Task details:
Look below for the line that has "In-room safe, desk, blackout". Set down the lines from there through the line that has "More Photos Of", exactly as written.

- - - - - - -

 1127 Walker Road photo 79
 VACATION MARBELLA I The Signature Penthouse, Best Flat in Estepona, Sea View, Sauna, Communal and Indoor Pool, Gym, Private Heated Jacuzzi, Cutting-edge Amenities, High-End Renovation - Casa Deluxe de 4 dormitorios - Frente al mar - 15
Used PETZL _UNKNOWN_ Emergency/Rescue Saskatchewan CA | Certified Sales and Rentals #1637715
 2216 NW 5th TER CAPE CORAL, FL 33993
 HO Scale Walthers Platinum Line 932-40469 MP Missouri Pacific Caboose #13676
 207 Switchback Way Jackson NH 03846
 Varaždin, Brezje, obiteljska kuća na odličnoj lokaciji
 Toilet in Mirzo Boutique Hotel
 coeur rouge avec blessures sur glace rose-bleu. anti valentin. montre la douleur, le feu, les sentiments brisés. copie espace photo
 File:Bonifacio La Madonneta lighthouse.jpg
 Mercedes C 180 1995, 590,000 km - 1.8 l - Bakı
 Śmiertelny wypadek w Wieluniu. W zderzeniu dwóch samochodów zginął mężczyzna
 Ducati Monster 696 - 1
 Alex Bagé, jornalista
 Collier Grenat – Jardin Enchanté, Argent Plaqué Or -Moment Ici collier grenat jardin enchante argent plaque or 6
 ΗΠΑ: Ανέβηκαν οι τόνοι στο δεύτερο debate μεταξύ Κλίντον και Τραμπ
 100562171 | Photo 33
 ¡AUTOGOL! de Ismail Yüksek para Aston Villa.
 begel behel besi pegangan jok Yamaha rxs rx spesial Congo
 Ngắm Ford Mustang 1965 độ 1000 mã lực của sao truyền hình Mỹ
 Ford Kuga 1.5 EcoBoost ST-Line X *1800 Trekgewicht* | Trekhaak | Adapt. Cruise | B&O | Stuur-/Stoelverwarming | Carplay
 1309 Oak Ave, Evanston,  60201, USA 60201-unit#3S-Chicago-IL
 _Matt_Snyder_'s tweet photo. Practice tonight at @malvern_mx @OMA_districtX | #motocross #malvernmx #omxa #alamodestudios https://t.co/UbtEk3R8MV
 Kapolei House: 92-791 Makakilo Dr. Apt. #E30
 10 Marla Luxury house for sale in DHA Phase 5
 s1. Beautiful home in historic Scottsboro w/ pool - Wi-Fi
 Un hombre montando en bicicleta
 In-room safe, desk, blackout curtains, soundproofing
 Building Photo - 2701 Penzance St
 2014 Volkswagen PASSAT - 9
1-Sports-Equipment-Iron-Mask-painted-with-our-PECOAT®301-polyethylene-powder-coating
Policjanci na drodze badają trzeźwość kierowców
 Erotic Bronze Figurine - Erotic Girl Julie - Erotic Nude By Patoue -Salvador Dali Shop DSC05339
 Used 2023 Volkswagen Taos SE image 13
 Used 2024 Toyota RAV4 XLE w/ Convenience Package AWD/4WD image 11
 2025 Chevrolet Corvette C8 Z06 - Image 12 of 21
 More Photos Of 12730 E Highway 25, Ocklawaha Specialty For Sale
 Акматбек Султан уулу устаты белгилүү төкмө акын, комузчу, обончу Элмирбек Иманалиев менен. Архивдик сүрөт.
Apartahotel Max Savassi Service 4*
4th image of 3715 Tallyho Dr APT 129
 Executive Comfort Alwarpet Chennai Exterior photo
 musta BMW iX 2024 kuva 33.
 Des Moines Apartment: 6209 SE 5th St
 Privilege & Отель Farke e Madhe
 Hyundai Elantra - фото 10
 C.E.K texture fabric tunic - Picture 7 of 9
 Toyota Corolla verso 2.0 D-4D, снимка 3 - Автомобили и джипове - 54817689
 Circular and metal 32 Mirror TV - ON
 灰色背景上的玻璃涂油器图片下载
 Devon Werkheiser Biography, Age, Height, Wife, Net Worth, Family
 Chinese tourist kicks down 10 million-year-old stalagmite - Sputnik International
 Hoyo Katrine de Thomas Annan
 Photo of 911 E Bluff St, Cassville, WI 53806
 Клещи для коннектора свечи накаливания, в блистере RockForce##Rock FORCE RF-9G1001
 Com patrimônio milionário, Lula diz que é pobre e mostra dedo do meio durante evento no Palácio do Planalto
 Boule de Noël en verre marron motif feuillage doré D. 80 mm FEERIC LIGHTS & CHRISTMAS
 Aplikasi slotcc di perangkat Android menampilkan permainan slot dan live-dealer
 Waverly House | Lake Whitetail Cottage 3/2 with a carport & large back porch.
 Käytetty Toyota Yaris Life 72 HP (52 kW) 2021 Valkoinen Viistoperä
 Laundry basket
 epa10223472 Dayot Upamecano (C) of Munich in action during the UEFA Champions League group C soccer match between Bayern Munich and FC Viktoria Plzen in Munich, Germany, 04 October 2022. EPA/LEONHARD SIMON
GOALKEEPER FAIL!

- - - - - - -

Completed task:
 In-room safe, desk, blackout curtains, soundproofing
 Building Photo - 2701 Penzance St
 2014 Volkswagen PASSAT - 9
1-Sports-Equipment-Iron-Mask-painted-with-our-PECOAT®301-polyethylene-powder-coating
Policjanci na drodze badają trzeźwość kierowców
 Erotic Bronze Figurine - Erotic Girl Julie - Erotic Nude By Patoue -Salvador Dali Shop DSC05339
 Used 2023 Volkswagen Taos SE image 13
 Used 2024 Toyota RAV4 XLE w/ Convenience Package AWD/4WD image 11
 2025 Chevrolet Corvette C8 Z06 - Image 12 of 21
 More Photos Of 12730 E Highway 25, Ocklawaha Specialty For Sale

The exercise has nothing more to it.